[TASK STATEMENT]:
Copy all the entries below exactly, but not the pictures.

Image-caption web data:
──────────────────────────────
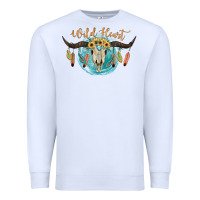 White Wild Heart Premium Sweatshirt - JahusDesignShop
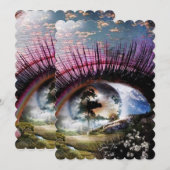 一眼で世界を見る 招待状 (正面/裏面)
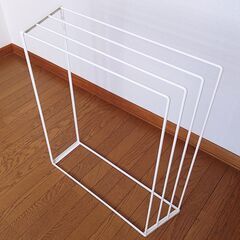 横からかけられる ４連 バスタオルハンガー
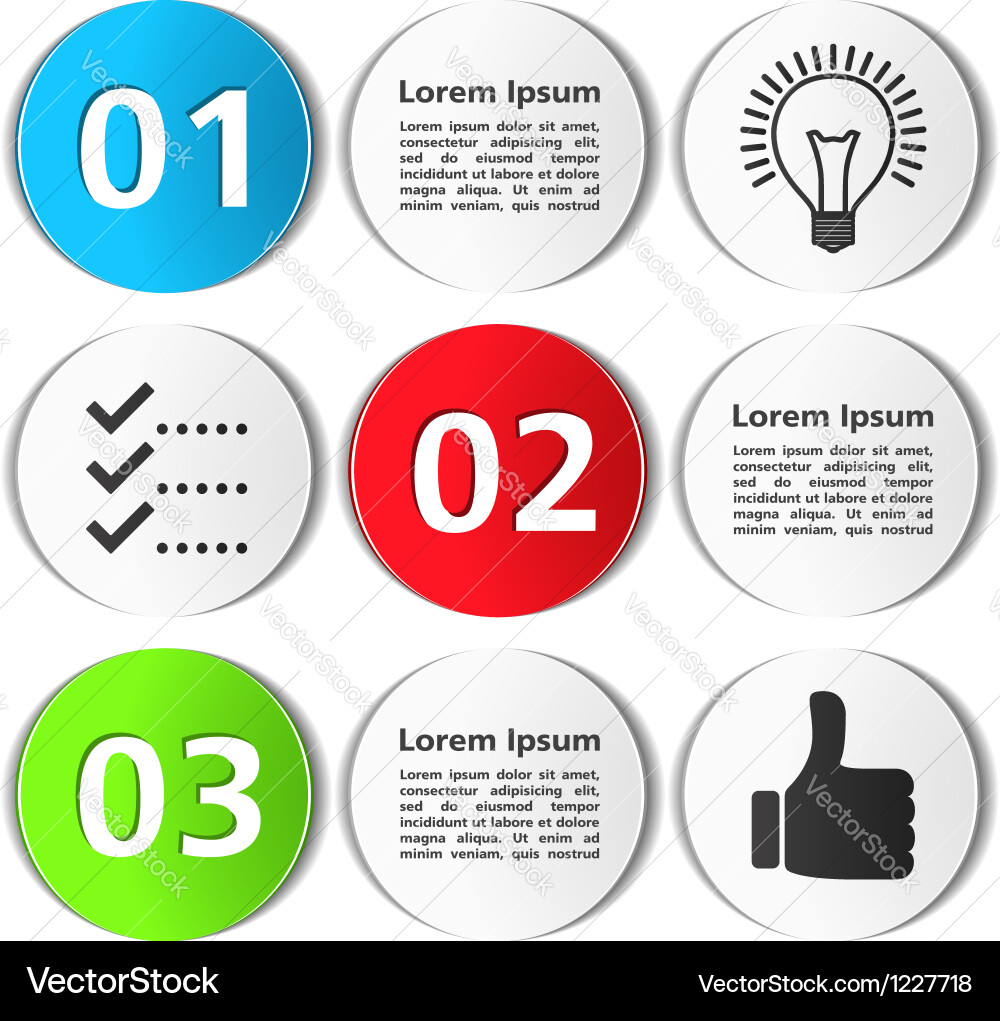 Design template with circles vector image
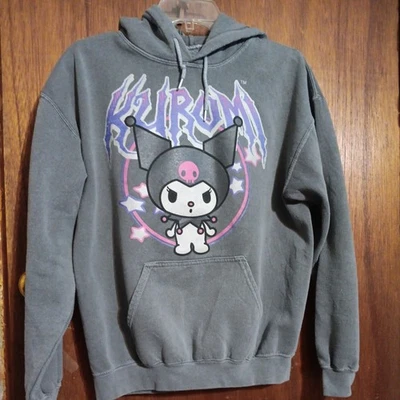  Sanrio Hello Kitty Kuromi аниме Cat дизайнерская толстовка с капюшоном размер средний - Изображение 1 из 4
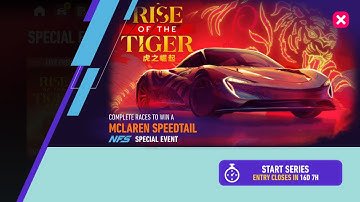 Need For Speed No Limits - McLaren Speedtail | Rise Of The Tiger (Day 5 - Speed)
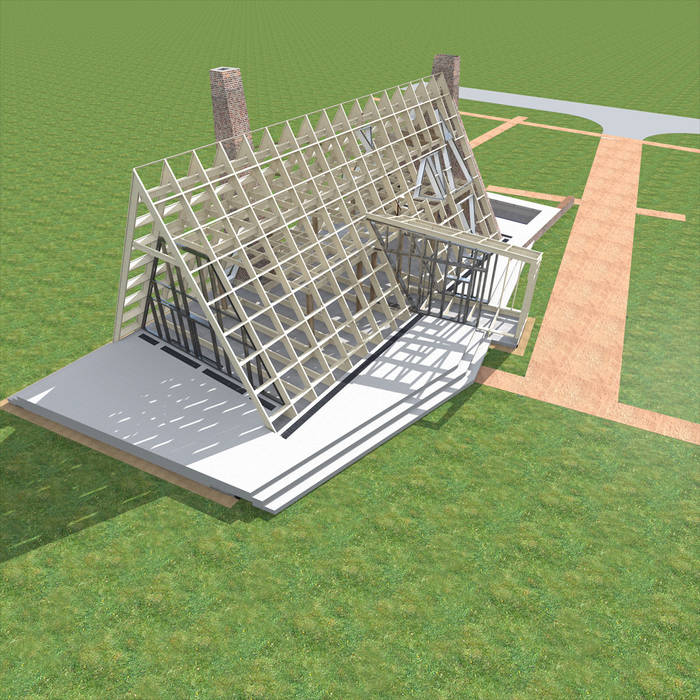 Треугольный Дом из концептуальной серии "Чеснок", CHM architect CHM architect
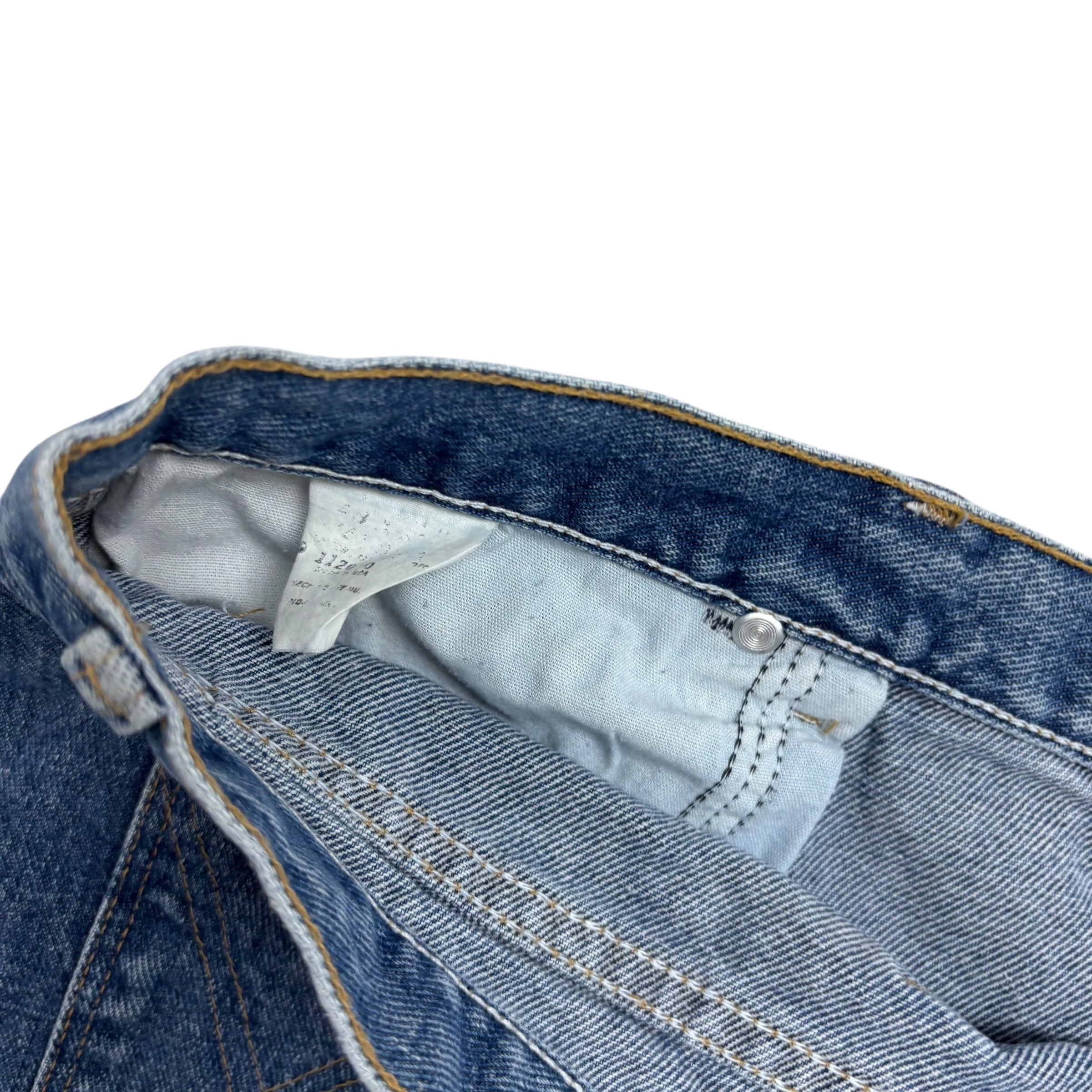Wrangler Jeans W46 L28 Mens Mid Blue Relaxed Tapered Fit Vintage Denim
──────────────────────────────
[OUTPUT OF THE EXERCISE]:
 White Wild Heart Premium Sweatshirt - JahusDesignShop
 一眼で世界を見る 招待状 (正面/裏面)
 横からかけられる ４連 バスタオルハンガー
 Design template with circles vector image
  Sanrio Hello Kitty Kuromi аниме Cat дизайнерская толстовка с капюшоном размер средний - Изображение 1 из 4
 Need For Speed No Limits - McLaren Speedtail | Rise Of The Tiger (Day 5 - Speed)
 Треугольный Дом из концептуальной серии "Чеснок", CHM architect CHM architect
Wrangler Jeans W46 L28 Mens Mid Blue Relaxed Tapered Fit Vintage Denim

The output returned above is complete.